Sohar University (جامعة صحار ) was established in 2001 as the first private university in Oman. It was granted degree awarding powers by the Oman Ministry of Higher Education, with the authority to provide programs and courses whose successful completion leads to academic awards.

Summary 
Sohar University has obtained official approval from the Ministry of Higher Education, following the issuance of the Ministry Decision No. 47/2001 dated 11/9/2001, to commence the first private university in the Sultanate of Oman. It originally started under the name of Sohar College of Applied Sciences, until formally approved as a university in a ceremony under the patronage of His Highness Sayed Asaad bin Toriq.

Tagline 
Sohar University is the second University in Oman, offers undergraduate and postgraduate programs. It has a world class campus located in Sohar. 

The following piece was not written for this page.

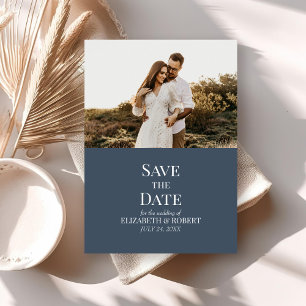Modern Slate Blue Custom Photo Save the Date Card
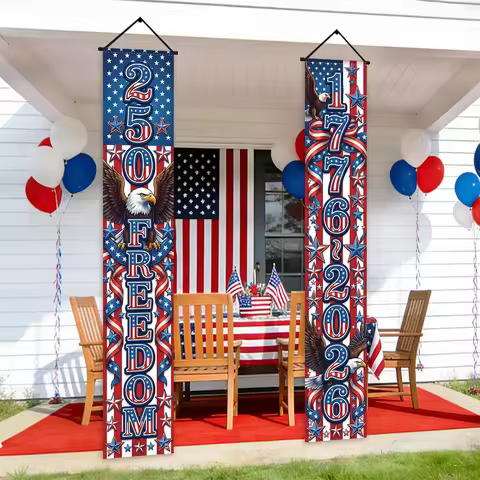 250th Anniversary 4th of July Door Banner, Patriotic Eagle & Star Curtain for 1776-2026 Independence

جامعة صحار هي الجامعة الثانية في سلطنة عمان، وتقدم برامج البكالوريوس والدراسات العليا. لديها حرم جامعي عالمي المستوى في ولاية صحار

About Sohar University

Faculties and Departments

Services

Research and Innovation
We are committed to the increased development of research and knowledge transfer during the coming five years that meets international standards. We believe that higher education and the student experience are enhanced by delivery in an environment where the academic staff is engaged with research, innovation, and knowledge transfer. The creation of new knowledge allows us to shape our future and provides opportunities for wealth generation and enhancement of the quality of life.

History
Sohar University effectively began its life as the Sohar College for Applied Sciences, which opened in 1998. At that time, the college's main overseas partner was the University of Lincolnshire & Humberside (UK). In 2001, Sohar University became affiliated to the University of Queensland (Australia), a member of Universitas 21, to ensure that its academic activities met international standards.

Academic
The medium of instruction is English for most programs, but some courses in the Faculty of Education and Arts are delivered in Arabic.  Nearly all students spend one year in the General Foundations Program (GFP) to improve their English, math and computer literacy skills prior to entering a degree program offered through the faculties of: Business, Computing and Information Technology, Engineering, Education & art, English & Language studies. Law students are exempted from studying English at the GFP.

Campus Expansion
The University campus is located in Sohar, Oman's fastest growing city and the administrative centre of Al Batinah region in the Sultanate of Oman. The University lies on the coast of the Gulf of Oman, 224 kilometres west of the capital Muscat, and approximately 200 kilometres south-east from Dubai in the UAE. The area around Sohar, including Saham and Liwa, has a population of approximately 300,000 and is expanding rapidly, largely due to the very recent establishment of the Sohar Industrial Port Company (SIPC).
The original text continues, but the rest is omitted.